What would it feel like to also be an owner?
In this episode of Trail Boss Radio, Dan
breaks down McDonald's Corporation — MCD — the
gift stock that came with his Robinhood referral
signup and turned out to be one of the most
instructive positions in The $100 Experiment.
Because McDonald's is not a fast food company.
Not to investors. To investors, McDonald's is
a real estate empire and franchise royalty
machine that happens to sell burgers — and has
been compounding wealth for patient shareholders
for 45 consecutive years.
This is Episode 5 of The $100 Experiment — the
live, week-by-week investment series where Trail
Boss Dan invests $100 every week into a
rotating ETF portfolio on Robinhood and documents
every decision, every hesitation, and every lesson
in public.
In this episode:
— Why McDonald's is not a fast food company —
it is a real estate and franchise royalty
machine that collects rent and royalties
from operators worldwide
— How $1,000 invested at McDonald's IPO in 1980
would be worth approximately $757,000 today —
a 15.88% compound annual growth rate over
45 years
— Why MCD's dividend yield of 2.60% is 2.5 times
higher than VOO — and what that means for
DRIP compounding over time
— How McDonald's has raised its dividend every
single year for 19 consecutive years — through
recessions, a pandemic, and inflation — without
missing a single payment
— Why the stock being down 12% over the past year
is not a red flag — it is potentially an
opportunity, with 34 analysts giving it a Buy
rating and a 12-month price target of $331.29
— The What-If question: what happens if MCD
becomes a fifth position in The $100 Experiment
at $100 per month — and how does a single
blue-chip dividend stock compare to a
diversified ETF dollar for dollar over one year?

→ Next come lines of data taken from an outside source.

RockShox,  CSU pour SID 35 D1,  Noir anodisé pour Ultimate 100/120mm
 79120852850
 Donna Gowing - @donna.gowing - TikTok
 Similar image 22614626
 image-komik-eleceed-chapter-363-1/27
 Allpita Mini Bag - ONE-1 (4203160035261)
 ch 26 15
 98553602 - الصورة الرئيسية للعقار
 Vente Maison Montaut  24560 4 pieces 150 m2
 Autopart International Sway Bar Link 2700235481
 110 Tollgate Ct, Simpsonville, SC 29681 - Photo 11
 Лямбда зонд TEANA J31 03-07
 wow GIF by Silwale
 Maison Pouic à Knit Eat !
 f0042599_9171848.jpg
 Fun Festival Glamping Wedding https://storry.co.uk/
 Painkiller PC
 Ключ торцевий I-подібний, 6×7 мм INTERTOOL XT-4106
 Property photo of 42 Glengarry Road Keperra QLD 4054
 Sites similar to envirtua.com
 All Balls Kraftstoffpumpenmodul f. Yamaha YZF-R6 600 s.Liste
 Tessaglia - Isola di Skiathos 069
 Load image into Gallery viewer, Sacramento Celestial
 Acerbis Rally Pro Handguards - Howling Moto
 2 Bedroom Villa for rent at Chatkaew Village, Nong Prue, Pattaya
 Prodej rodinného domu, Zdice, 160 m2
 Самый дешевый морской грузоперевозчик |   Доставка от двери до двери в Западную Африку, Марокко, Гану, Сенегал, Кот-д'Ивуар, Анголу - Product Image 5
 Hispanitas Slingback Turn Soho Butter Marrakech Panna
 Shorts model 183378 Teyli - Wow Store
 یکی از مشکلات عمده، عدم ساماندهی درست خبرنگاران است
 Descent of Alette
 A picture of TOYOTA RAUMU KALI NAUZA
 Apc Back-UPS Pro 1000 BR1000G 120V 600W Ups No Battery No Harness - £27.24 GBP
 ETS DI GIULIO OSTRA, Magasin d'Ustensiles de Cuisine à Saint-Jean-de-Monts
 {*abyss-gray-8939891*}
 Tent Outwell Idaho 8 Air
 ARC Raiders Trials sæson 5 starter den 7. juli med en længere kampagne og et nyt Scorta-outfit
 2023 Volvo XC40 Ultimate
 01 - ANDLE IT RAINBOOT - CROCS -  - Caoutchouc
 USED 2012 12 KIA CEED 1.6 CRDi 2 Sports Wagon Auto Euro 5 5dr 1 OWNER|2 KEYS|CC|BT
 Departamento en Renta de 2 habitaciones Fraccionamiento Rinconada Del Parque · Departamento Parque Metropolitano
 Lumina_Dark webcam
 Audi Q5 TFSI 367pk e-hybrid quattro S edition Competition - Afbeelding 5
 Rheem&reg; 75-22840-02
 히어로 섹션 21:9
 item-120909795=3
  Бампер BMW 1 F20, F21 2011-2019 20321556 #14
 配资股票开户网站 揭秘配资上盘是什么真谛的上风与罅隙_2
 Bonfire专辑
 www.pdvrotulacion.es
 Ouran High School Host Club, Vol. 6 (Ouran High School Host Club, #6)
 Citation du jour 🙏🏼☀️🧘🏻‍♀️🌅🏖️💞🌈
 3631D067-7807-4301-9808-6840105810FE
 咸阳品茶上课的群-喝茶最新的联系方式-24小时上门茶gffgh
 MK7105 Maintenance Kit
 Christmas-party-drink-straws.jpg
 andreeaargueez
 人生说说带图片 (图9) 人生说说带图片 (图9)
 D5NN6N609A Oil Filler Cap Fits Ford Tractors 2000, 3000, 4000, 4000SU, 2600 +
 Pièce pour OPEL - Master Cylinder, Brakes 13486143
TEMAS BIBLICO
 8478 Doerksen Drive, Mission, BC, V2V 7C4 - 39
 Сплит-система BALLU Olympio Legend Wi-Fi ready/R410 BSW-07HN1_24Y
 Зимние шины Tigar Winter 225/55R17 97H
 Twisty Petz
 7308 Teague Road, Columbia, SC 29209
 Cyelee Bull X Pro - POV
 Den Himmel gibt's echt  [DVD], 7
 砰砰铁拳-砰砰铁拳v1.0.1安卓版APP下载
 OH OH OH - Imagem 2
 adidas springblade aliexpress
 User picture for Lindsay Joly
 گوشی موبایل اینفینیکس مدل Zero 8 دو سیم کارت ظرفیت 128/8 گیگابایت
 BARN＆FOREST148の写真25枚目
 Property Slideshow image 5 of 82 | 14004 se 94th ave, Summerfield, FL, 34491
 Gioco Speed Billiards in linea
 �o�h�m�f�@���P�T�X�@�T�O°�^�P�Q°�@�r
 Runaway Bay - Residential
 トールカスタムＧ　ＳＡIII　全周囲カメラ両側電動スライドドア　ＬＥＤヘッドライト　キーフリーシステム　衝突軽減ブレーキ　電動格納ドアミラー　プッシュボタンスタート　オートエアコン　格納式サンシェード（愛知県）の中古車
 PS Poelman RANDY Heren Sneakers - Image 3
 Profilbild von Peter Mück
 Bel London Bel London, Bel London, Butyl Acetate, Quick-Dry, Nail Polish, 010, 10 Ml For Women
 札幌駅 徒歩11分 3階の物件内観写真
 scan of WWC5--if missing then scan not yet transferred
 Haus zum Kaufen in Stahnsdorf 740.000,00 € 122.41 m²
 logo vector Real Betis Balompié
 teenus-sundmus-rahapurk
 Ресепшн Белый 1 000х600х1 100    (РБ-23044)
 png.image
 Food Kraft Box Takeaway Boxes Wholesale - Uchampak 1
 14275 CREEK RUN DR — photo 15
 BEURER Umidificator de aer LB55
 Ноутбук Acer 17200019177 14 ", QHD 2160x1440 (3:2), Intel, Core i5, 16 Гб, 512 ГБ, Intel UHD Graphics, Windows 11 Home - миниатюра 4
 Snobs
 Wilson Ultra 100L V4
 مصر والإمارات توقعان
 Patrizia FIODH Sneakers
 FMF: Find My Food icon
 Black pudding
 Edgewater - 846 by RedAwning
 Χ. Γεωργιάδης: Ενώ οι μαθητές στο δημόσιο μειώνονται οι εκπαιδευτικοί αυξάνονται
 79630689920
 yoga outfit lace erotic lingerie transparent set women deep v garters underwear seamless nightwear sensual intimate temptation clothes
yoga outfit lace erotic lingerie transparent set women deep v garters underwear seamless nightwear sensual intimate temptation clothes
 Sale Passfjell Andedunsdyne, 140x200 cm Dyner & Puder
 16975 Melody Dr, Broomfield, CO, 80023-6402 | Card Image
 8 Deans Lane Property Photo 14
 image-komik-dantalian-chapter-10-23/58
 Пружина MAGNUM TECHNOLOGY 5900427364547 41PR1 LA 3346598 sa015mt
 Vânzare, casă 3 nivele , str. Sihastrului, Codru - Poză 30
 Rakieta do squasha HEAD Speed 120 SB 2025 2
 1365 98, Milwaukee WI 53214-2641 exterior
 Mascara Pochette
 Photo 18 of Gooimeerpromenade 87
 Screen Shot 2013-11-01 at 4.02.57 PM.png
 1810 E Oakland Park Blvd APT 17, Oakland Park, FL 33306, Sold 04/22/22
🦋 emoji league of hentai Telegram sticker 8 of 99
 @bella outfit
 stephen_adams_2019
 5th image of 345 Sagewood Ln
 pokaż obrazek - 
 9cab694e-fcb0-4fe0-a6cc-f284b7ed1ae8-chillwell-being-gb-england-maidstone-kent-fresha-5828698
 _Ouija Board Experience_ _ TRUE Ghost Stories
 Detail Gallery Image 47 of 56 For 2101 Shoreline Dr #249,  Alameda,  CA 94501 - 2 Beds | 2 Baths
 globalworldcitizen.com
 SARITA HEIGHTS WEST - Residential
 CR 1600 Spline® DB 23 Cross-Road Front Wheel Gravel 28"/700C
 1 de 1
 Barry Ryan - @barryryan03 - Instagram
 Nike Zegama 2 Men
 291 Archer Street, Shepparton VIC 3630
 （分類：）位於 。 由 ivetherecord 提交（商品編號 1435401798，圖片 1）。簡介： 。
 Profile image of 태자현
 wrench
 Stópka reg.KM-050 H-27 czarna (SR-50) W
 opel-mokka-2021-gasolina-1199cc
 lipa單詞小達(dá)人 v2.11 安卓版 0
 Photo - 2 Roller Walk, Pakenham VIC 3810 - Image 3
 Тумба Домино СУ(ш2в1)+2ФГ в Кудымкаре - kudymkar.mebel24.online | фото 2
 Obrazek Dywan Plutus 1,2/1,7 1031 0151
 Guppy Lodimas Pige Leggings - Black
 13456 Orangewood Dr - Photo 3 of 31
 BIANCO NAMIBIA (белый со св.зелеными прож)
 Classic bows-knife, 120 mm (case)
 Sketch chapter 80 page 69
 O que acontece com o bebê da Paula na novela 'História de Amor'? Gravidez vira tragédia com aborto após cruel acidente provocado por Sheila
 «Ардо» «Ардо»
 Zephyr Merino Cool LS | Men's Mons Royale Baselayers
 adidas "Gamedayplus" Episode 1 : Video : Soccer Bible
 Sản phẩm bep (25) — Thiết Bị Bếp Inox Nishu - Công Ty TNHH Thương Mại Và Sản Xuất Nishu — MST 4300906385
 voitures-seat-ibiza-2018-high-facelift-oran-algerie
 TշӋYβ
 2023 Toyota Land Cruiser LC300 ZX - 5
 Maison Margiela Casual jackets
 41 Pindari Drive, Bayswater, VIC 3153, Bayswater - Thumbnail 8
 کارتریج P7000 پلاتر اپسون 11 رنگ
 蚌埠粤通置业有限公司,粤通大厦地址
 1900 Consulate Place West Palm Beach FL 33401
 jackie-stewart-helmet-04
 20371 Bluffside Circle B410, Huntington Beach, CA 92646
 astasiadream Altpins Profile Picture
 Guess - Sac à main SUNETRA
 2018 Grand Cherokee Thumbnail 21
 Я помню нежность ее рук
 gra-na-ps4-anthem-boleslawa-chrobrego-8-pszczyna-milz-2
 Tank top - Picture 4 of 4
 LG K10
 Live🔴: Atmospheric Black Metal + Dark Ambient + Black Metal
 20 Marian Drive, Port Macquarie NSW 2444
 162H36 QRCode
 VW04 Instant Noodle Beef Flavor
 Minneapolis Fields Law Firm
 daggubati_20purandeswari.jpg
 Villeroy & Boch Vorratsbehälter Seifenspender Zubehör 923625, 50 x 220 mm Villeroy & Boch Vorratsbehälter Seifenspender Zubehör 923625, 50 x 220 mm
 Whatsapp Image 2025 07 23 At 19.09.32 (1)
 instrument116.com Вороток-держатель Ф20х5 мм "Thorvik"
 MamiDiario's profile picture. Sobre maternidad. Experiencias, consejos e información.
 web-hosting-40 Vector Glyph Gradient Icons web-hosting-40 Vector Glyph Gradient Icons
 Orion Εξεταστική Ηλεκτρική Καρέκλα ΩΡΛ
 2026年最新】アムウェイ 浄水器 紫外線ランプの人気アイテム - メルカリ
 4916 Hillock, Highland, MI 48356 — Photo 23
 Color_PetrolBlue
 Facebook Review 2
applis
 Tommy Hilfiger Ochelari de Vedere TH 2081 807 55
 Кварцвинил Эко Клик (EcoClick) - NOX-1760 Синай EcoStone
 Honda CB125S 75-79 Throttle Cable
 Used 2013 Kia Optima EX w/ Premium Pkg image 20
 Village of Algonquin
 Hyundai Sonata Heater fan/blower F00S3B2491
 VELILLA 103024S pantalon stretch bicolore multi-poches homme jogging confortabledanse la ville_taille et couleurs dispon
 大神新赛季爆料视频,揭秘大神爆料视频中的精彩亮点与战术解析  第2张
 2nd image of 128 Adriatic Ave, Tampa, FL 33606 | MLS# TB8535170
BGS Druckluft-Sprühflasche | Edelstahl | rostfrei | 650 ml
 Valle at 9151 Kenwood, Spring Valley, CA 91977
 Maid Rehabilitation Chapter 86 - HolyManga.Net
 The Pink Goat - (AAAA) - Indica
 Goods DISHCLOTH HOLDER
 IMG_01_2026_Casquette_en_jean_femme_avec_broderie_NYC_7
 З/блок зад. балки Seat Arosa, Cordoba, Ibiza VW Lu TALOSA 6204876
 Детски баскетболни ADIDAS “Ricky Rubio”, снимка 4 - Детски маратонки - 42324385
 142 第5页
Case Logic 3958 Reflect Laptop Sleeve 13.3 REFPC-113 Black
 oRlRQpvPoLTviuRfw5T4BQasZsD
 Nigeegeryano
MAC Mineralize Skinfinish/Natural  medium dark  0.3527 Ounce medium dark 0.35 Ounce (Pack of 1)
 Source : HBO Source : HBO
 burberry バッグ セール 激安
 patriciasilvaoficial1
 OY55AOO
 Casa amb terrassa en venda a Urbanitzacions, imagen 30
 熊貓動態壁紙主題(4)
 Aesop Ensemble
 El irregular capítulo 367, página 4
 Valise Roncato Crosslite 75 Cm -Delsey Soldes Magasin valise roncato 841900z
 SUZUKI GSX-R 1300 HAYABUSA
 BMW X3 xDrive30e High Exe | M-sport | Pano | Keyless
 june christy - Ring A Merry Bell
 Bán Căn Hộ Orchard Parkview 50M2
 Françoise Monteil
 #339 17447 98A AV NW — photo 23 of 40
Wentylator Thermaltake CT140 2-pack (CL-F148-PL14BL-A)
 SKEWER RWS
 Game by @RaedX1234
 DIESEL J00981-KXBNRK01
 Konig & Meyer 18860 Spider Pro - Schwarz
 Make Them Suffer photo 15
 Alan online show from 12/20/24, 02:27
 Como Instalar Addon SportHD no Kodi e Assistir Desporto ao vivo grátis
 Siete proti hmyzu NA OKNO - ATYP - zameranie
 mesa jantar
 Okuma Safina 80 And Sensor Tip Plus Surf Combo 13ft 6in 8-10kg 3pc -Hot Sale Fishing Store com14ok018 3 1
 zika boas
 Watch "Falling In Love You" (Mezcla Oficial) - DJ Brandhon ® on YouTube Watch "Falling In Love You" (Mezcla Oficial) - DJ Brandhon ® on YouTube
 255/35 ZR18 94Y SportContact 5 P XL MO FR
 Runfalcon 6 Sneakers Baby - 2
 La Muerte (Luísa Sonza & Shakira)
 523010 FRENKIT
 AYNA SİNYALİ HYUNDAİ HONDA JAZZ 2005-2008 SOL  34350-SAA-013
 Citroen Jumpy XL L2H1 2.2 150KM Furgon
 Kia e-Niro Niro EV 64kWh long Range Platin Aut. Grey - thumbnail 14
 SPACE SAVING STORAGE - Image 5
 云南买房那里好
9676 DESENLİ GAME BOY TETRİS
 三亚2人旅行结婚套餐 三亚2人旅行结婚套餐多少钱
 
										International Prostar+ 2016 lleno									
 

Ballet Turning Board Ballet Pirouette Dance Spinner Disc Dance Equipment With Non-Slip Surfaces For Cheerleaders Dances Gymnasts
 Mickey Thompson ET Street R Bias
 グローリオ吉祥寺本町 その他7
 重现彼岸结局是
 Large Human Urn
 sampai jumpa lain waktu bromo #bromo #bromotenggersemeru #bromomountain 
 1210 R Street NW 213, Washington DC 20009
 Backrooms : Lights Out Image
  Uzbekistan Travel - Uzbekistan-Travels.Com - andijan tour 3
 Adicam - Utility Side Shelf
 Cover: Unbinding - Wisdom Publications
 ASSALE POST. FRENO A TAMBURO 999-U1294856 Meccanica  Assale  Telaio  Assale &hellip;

— The honest tradeoff: MCD is one company. One
bad earnings quarter, one food safety event,
one failed strategy can drop it 10-15% in
a week. VOO cannot do that. Understanding
that difference is the entire lesson.
— What McDonald's "Next" strategy means for
the company's future — automation, better
food, social media marketing, and raising
hospitality standards
You have been buying their food your whole life.
Now the question is whether you want to start
collecting on every burger sold worldwide —
starting with a gift stock and $100 a month.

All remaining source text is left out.